Well, perhaps not. But watching Labour tear itself apart is a bit.

As a somewhat disinterested onlooker, I’m inclined to make the following observations. Kier Starmer is the wrong man for the wrong time. Choosing him as leader is likely to prove as disastrous as choosing Jeremy Corbyn. That said, there was an honesty about Corbyn’s position. Hard left and that’s what you get. Precisely what it says on the tin. Starmer is a professional politician and is so slimy it is hard to pin him down. Having lost so badly this past week, he is floundering around looking to change that which is beyond change – not to mention suitable scapegoats. The Labour party is irredeemably at war with itself – the hard left on the one hand and the moderate centre left on the other. They probably hate each other with almost as much vigour as they hate the Tories.

Diane Abbott thinks that a return to hard left polices will be popular. Yeah, among the activists, maybe, but out here in the real world, among the very people they want to attract to vote for them, not so much.

Starmer’s decision to sack Angela Rayner has spectacularly backfired. I was bemused when I first heard the announcement as I thought that as she was elected by the membership, it wasn’t within his purview.
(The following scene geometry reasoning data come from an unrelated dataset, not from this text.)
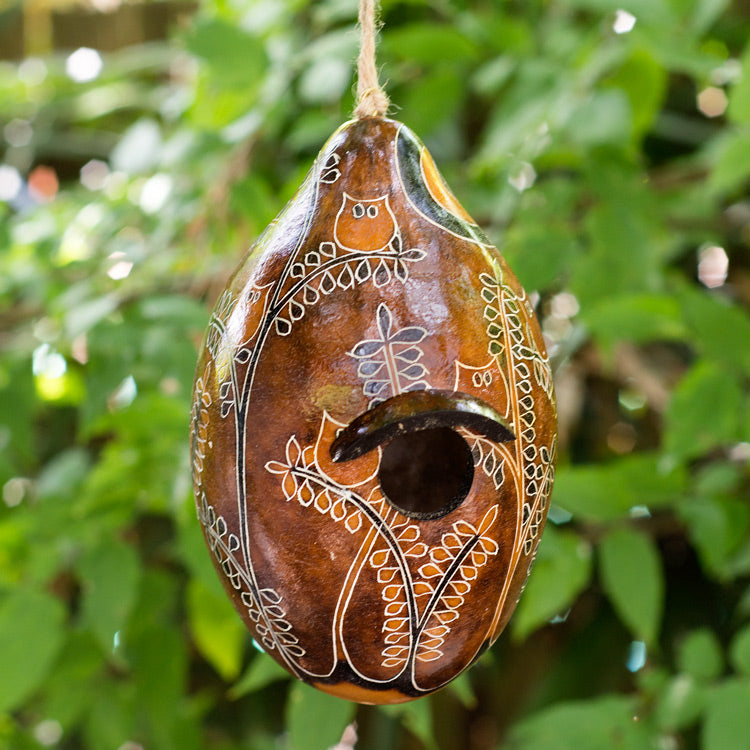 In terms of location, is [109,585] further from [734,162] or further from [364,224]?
[734,162]

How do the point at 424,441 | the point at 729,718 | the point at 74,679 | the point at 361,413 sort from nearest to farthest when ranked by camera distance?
the point at 361,413
the point at 424,441
the point at 729,718
the point at 74,679

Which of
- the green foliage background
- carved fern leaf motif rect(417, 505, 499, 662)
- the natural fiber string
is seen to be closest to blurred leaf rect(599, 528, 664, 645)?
the green foliage background

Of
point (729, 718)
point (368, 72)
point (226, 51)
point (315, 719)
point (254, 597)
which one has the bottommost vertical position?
point (729, 718)

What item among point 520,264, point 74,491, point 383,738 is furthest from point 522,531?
point 383,738

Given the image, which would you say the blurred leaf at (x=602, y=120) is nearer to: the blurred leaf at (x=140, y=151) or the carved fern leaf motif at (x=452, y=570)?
the carved fern leaf motif at (x=452, y=570)

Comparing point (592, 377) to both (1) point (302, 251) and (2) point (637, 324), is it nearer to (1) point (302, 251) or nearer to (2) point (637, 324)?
(2) point (637, 324)

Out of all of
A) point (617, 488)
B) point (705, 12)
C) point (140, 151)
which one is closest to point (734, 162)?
point (705, 12)

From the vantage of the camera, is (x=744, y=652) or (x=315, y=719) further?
(x=744, y=652)

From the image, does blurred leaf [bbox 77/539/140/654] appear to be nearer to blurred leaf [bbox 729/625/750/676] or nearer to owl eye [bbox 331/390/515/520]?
owl eye [bbox 331/390/515/520]

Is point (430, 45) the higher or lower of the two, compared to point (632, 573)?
higher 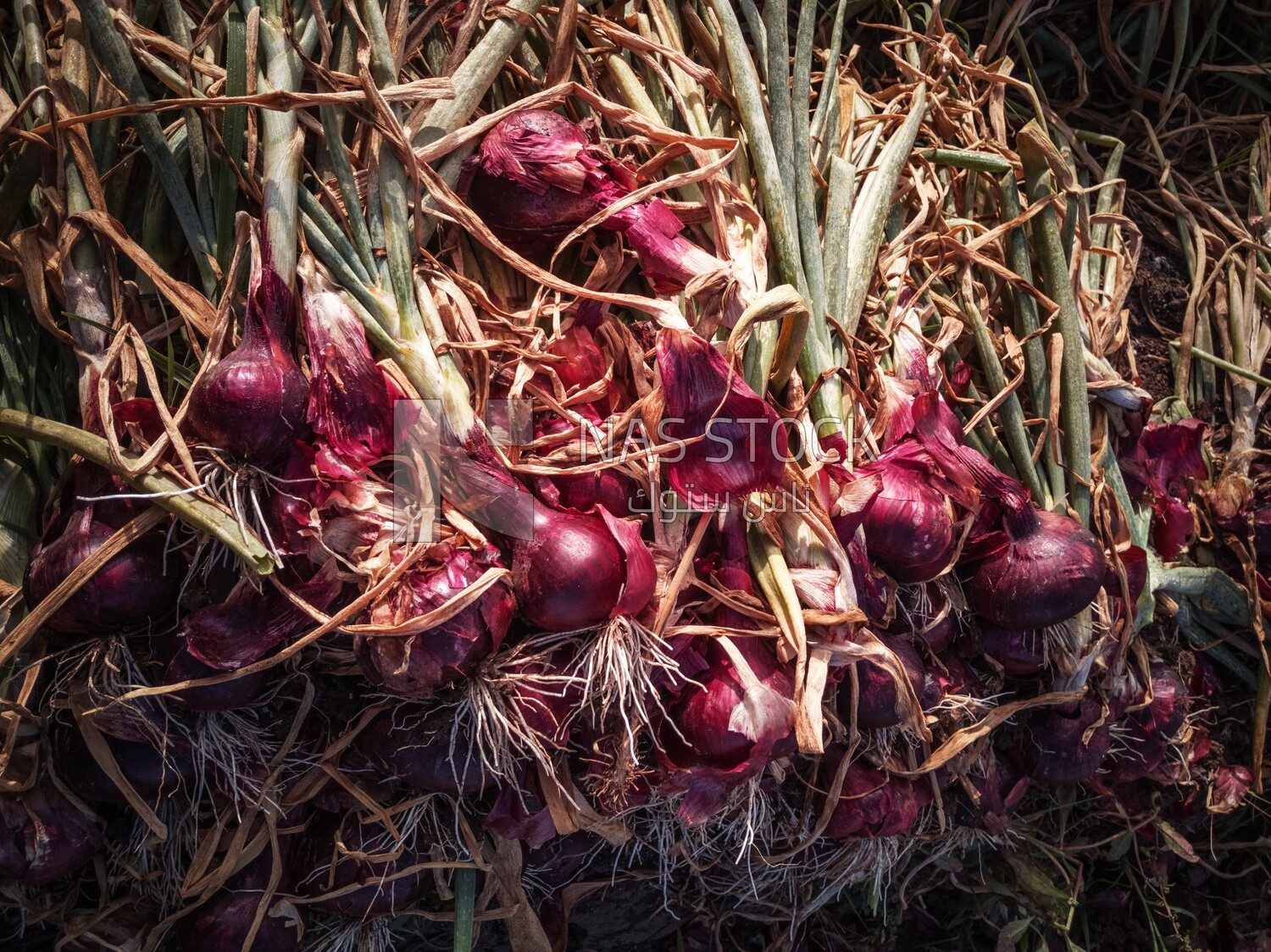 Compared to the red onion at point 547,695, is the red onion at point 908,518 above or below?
above

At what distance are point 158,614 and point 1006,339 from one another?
3.66ft

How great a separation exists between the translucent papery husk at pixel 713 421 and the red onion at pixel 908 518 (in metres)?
0.15

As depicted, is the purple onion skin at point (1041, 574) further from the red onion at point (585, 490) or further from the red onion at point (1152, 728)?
the red onion at point (585, 490)

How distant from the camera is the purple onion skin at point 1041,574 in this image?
1018 millimetres

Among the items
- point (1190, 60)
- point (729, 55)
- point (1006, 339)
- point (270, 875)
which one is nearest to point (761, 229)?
point (729, 55)

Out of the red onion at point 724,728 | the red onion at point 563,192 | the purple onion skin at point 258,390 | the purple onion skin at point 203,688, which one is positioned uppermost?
the red onion at point 563,192

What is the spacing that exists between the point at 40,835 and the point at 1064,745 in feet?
4.21

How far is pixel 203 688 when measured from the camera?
2.77ft

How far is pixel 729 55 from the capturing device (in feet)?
3.45

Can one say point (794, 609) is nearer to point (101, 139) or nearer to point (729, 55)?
point (729, 55)

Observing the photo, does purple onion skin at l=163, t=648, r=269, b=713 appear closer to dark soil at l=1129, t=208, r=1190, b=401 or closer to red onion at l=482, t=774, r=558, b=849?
red onion at l=482, t=774, r=558, b=849

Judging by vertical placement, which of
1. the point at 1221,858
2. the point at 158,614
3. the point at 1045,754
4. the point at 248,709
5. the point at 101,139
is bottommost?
the point at 1221,858

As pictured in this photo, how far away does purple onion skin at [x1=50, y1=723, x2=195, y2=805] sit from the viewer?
3.00ft

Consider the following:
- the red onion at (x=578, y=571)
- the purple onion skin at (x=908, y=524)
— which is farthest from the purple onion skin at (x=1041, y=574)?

It would seem that he has realised this and sort of promoted her. As well as sacking her, er… Who knows? He doesn’t seem to know what he is doing. That said, I suspect that Rayner is probably more in touch with the working classes in the old industrial north than Starmer – again, that said, her hard left policies are not popular with the actual working classes, the people who put Margaret Thatcher into power. The people who have recently overwhelmingly voted Tory. I’m also not sure that her accusing the party opposite of being scum when in the house went down too well with ordinary people either.

So where does that leave Starmer and his motley band? I am beginning to suspect that it is the same place that Lloyd George found himself in 1929 after a steady decline from the turn of the century. Which leaves a question. What next? What will fill the void? And who will be her majesty’s loyal opposition, because we have seen precious little of that from slimy Starmer.

16 Comments

  1. Don’t understand the question. HM Opposition is the BBC, obvs.

    Although you did say “loyal”. Hmmm.

  2. I confess to being completely baffled by the continued existence of people on the hard left. There can’t possibly be a set of ideas that have been more thoroughly discredited. This presumably is why environmentalism is used as a trojan horse to try to persuade people to vote to have their lives destroyed. Over and over again I find myself saying, how can you possibly not know that socialism is a totally shit idea? It has failed spectacularly wherever and whenever it has been tried. If labour really want to connect with ordinary people they should try low taxes, small government, minimal government interference in people’s lives. Encouraging the return of personal responsibility. Not likely I know.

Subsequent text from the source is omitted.